* YOUR TASK
Print the data that follows exactly, leaving nothing out.

═════ DATA LISTING ═════

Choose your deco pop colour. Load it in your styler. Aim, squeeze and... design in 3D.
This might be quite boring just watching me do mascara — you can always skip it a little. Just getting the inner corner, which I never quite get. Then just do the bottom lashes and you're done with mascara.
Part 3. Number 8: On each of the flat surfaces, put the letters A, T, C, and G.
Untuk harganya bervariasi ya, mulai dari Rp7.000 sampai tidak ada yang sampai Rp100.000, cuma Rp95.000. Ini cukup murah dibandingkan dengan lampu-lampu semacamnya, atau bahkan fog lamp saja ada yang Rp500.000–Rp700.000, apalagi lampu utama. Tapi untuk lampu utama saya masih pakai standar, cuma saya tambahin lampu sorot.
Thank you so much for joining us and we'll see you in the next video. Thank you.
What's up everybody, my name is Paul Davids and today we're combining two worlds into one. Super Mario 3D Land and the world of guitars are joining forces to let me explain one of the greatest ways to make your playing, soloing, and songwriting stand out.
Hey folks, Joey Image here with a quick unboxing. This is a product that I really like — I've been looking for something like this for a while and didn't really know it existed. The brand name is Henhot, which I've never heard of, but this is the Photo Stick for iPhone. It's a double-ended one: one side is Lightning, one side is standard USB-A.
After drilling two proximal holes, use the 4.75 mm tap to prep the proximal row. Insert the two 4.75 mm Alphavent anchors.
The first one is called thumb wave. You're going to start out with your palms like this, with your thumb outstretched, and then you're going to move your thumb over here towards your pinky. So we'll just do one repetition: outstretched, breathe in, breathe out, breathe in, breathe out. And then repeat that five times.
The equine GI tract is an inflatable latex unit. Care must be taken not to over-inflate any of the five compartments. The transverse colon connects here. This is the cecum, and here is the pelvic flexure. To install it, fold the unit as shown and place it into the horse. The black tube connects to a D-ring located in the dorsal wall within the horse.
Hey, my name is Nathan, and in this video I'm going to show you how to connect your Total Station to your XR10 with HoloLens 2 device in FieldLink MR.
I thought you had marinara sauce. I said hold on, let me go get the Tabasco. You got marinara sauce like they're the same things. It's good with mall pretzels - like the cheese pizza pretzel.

═════

* ANSWER TO THIS EXERCISE
Choose your deco pop colour. Load it in your styler. Aim, squeeze and... design in 3D.
This might be quite boring just watching me do mascara — you can always skip it a little. Just getting the inner corner, which I never quite get. Then just do the bottom lashes and you're done with mascara.
Part 3. Number 8: On each of the flat surfaces, put the letters A, T, C, and G.
Untuk harganya bervariasi ya, mulai dari Rp7.000 sampai tidak ada yang sampai Rp100.000, cuma Rp95.000. Ini cukup murah dibandingkan dengan lampu-lampu semacamnya, atau bahkan fog lamp saja ada yang Rp500.000–Rp700.000, apalagi lampu utama. Tapi untuk lampu utama saya masih pakai standar, cuma saya tambahin lampu sorot.
Thank you so much for joining us and we'll see you in the next video. Thank you.
What's up everybody, my name is Paul Davids and today we're combining two worlds into one. Super Mario 3D Land and the world of guitars are joining forces to let me explain one of the greatest ways to make your playing, soloing, and songwriting stand out.
Hey folks, Joey Image here with a quick unboxing. This is a product that I really like — I've been looking for something like this for a while and didn't really know it existed. The brand name is Henhot, which I've never heard of, but this is the Photo Stick for iPhone. It's a double-ended one: one side is Lightning, one side is standard USB-A.
After drilling two proximal holes, use the 4.75 mm tap to prep the proximal row. Insert the two 4.75 mm Alphavent anchors.
The first one is called thumb wave. You're going to start out with your palms like this, with your thumb outstretched, and then you're going to move your thumb over here towards your pinky. So we'll just do one repetition: outstretched, breathe in, breathe out, breathe in, breathe out. And then repeat that five times.
The equine GI tract is an inflatable latex unit. Care must be taken not to over-inflate any of the five compartments. The transverse colon connects here. This is the cecum, and here is the pelvic flexure. To install it, fold the unit as shown and place it into the horse. The black tube connects to a D-ring located in the dorsal wall within the horse.
Hey, my name is Nathan, and in this video I'm going to show you how to connect your Total Station to your XR10 with HoloLens 2 device in FieldLink MR.
I thought you had marinara sauce. I said hold on, let me go get the Tabasco. You got marinara sauce like they're the same things. It's good with mall pretzels - like the cheese pizza pretzel.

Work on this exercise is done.